# Business for sale



## chrose (Nov 20, 2000)

Anyone interested in moving to Rochester, NY? It sounds really tempting, but I know nothing about the Netherlands or language even though it sounds very intriguing.
http://democratandchronicle.com/apps...607260361/1001

Here's the stores website: http://www.park-avenue.org/dutchmarket/


----------



## panini (Jul 28, 2001)

The building has to be more then the asking price. Wait, I need to go back and read. 27,000. or 270,000.?
ok 27.000. Chrose, I'll buy, you move. I'll hold the note you pay utilities and taxes, misc... rent free


----------



## chrose (Nov 20, 2000)

A guy I work with who buys properties and I were talking about this. It must be that the building is rented and they're trying to sell the "business", and contents. Hard to say, but it does warrant a little further looking into.


----------



## panini (Jul 28, 2001)

The Holland Store changed hands and eventually relocated to 713 Park Ave. When Betty French took over in the early 1990s, she renamed it. A few years later her parents bought the building at 257 Park Ave., and the Dutch Market moved to its current location.


----------



## chrose (Nov 20, 2000)

Yeah I saw that part too, leads one to think that it's a typo because that is a pricey area of the city. But still one never knows does one


----------



## oldschool1982 (Jun 27, 2006)

What a shame that I will never find my way back to that area again.
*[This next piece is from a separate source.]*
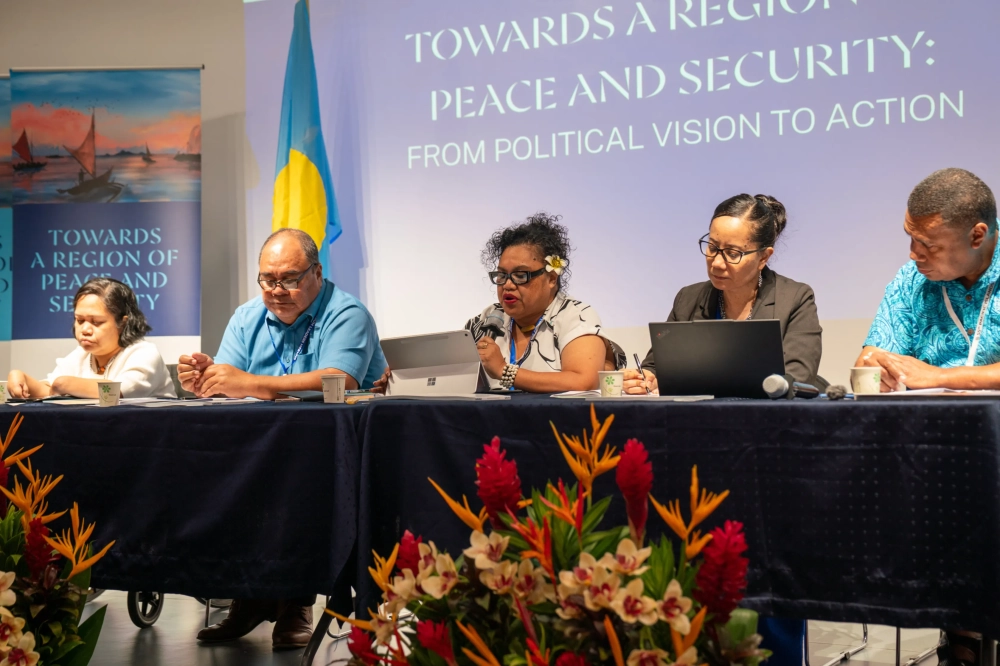 Panel discussion at a regional peace and security conference, showing five participants seated at a table with laptops, documents, and microphones. One participant addresses the audience while speaking into a microphone.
I would jump at the opportunity in a minute given different circumstances and for the fact if I want to remain married to my wife.... Martha hated that area for the winters. She put up with four years of the October to May cold and dreary conditions.

Actually I remember the place and more specifically Sophia. She made her way into the restaurant I was at a couple of times. Sorry to hear of her passing. Very nice person. 

To anyone that could find there way up to Rochester and pick up the business it's a real gem!

Later.


----------